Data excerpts
_____

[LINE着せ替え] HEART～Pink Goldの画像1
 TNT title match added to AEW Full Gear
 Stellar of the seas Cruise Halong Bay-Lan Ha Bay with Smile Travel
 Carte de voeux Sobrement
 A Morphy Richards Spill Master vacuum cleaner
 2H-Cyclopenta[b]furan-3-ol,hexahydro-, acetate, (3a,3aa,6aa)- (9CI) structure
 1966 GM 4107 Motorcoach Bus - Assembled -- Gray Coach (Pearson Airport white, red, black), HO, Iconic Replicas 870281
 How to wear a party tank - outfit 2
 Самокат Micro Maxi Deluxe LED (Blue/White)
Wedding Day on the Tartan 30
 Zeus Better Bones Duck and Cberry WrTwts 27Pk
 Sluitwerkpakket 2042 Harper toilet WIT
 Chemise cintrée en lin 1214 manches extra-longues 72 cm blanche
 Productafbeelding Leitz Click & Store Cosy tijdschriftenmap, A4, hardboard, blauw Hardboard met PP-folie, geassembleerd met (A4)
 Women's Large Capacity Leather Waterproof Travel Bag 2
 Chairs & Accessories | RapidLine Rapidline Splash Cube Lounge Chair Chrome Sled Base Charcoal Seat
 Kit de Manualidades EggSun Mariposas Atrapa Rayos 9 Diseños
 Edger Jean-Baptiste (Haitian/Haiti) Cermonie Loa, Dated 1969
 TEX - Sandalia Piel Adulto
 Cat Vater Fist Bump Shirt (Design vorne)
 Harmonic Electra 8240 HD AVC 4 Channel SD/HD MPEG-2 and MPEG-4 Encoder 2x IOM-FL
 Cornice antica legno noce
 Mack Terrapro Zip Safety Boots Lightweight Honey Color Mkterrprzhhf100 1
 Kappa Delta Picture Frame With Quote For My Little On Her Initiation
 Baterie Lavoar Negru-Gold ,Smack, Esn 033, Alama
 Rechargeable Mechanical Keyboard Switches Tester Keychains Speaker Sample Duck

_____

_Work to complete_:
Print the line containing "Baterie Lavoar Negru-Gold" and every line after it to the end of the records above, exactly as written, and nothing else.

_Exercise response_:
 Baterie Lavoar Negru-Gold ,Smack, Esn 033, Alama
 Rechargeable Mechanical Keyboard Switches Tester Keychains Speaker Sample Duck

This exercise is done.